_Stored data_
******

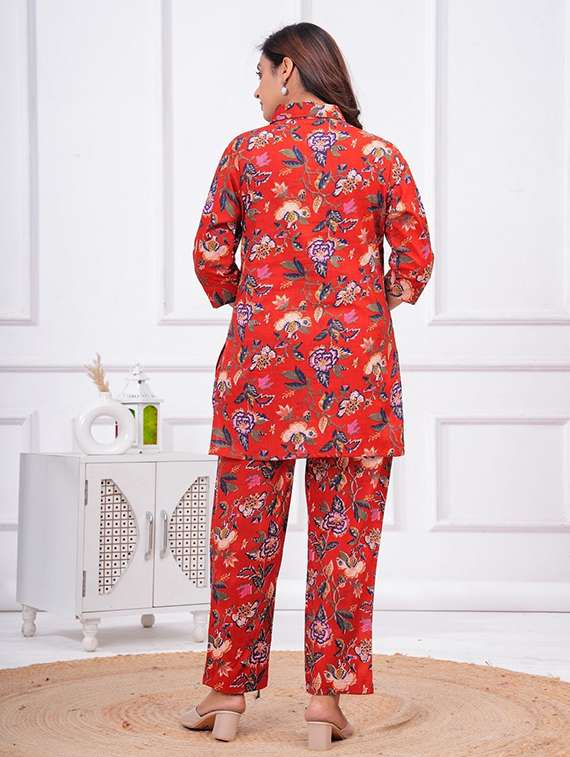 women printed three quarter sleeve co-ord set - 22219088 -  Standard Image - 2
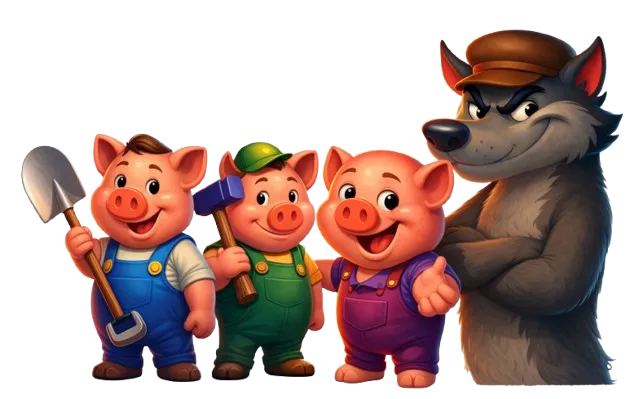 Tree pigs and wolf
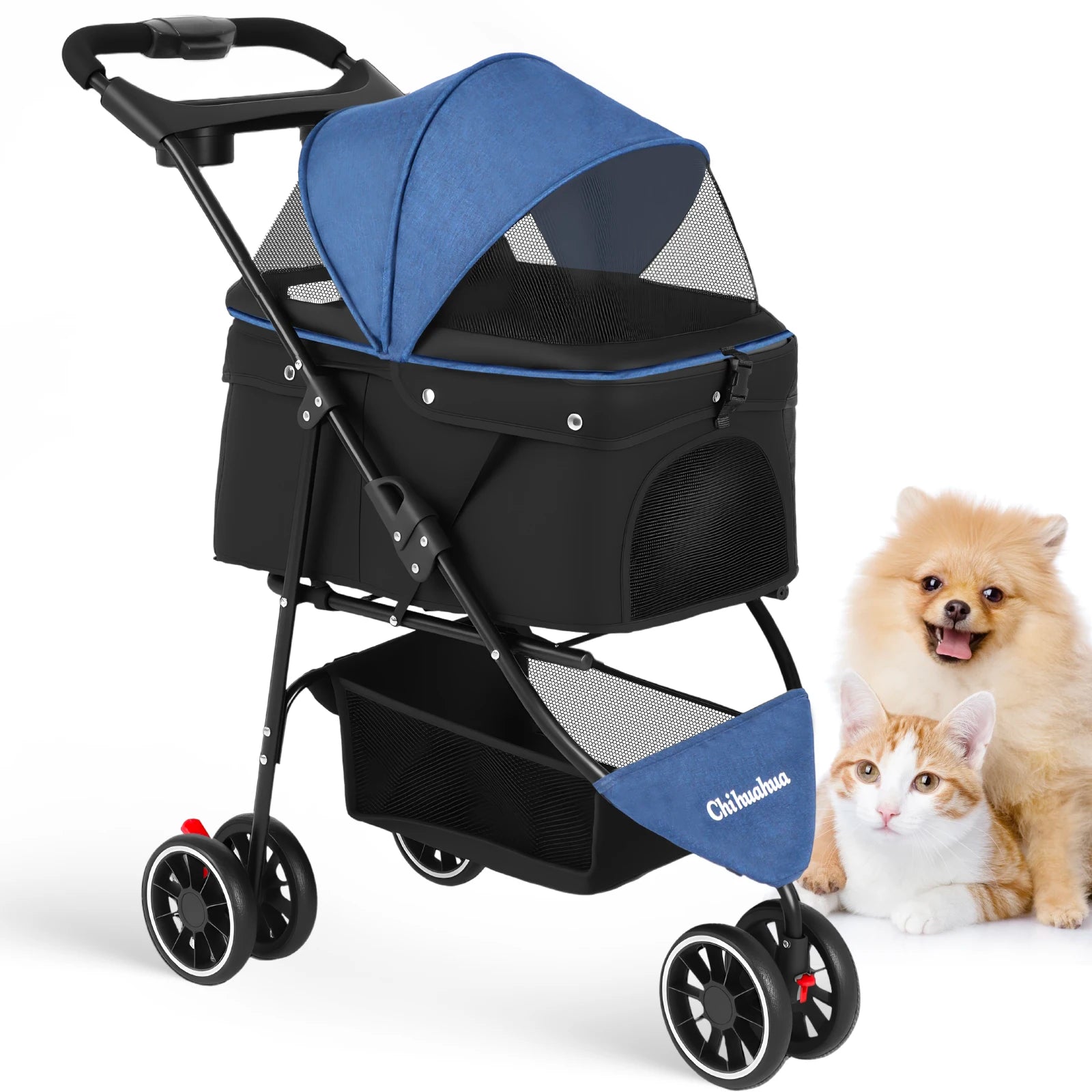 Pet Foldable Stroller For Small Puppy Dogs & Cats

******

_Your assignment_
Starting at the line that holds "Tree pigs and wolf", retype every line through the end of the data, both ends included. Pictures stay out of the copy.

_Exercise output_
 Tree pigs and wolf
 Pet Foldable Stroller For Small Puppy Dogs & Cats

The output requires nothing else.